Monday, June 21, 2010

Asian Stocks climb most in seven months on China Yuan move


Asian stocks climbed today, driving the MSCI Asia Pacific Index up the most in almost seven months, on speculation that China’s relaxing of its currency peg to the dollar will boost growth in the world’s third-largest economy.
The MSCI Asia Pacific Index gained 2.7% to 119.35, the biggest advance since 30th November 2010. China’s Shanghai Composite Index gained 2.88% and Hong Kong’s Hang Seng Index climbed 3%. Japan’s Nikkei hit its 1-month closing high, closing higher by 2.43% today, whereas the broader Topix closed 2.02% higher at 902.49. South Korea’s Kospi Index closed higher by 1.62%, and S&P/ASX 200 Index rose 1.6% in Australia.
Yuan Policy
The Chinese central bank, People’s Bank of China, pledged on 19th June'10 to make the yuan (renminbi) more flexible. The yuan has been pegged at about 6.83 yuan per dollar since mid-2008. The yuan today advanced 0.21% to 6.8120 per dollar, its the biggest gain since 30th December 2008.
The global economy is “gradually recovering and the upturn in the Chinese economy has become more solid,” the People’s Bank of China said in a statement announcing its yuan action. A more flexible currency would help to curb consumer-price gains, asset bubbles and dependence on exports for growth.
Gainers
Gauges of raw-material suppliers, energy and industrial companies posted the biggest gains among the MSCI Asia Pacific Index’s 10 industry groups.
Metal shares were among the biggest gainers as China’s policy shift is supposed to be good for commodity prices. BHP Billiton Ltd, the world’s biggest mining company, increased 2.3% as investors bet commodities demand will rise.

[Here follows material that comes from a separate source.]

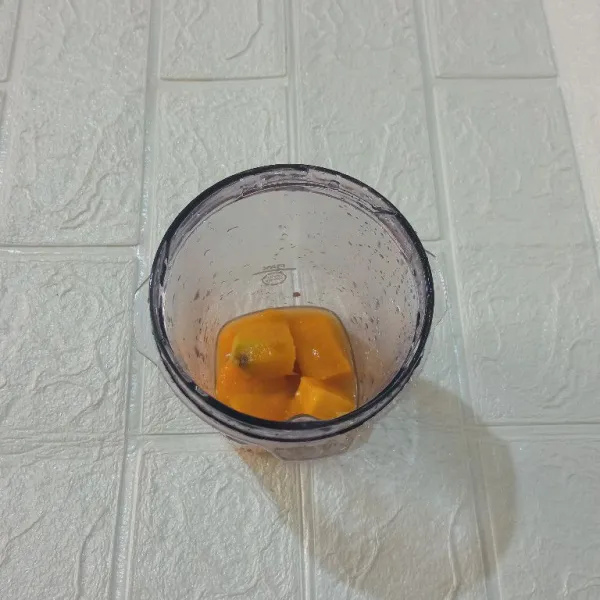 Masukkan potongan mangga dan air jeruk  ke dalam blender.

Hongkong shares also rose on speculation the yuan’s appreciation will make the city’s real estate cheaper for mainland buyers, with Hang Lung Properties Ltd. climbing 3.9% in Hong Kong
Airlines stocks in China surged, with Air China Ltd., the world’s biggest airline, climbing 5.1% in Shanghai on optimism a stronger Chinese currency will reduce dollar-denominated costs.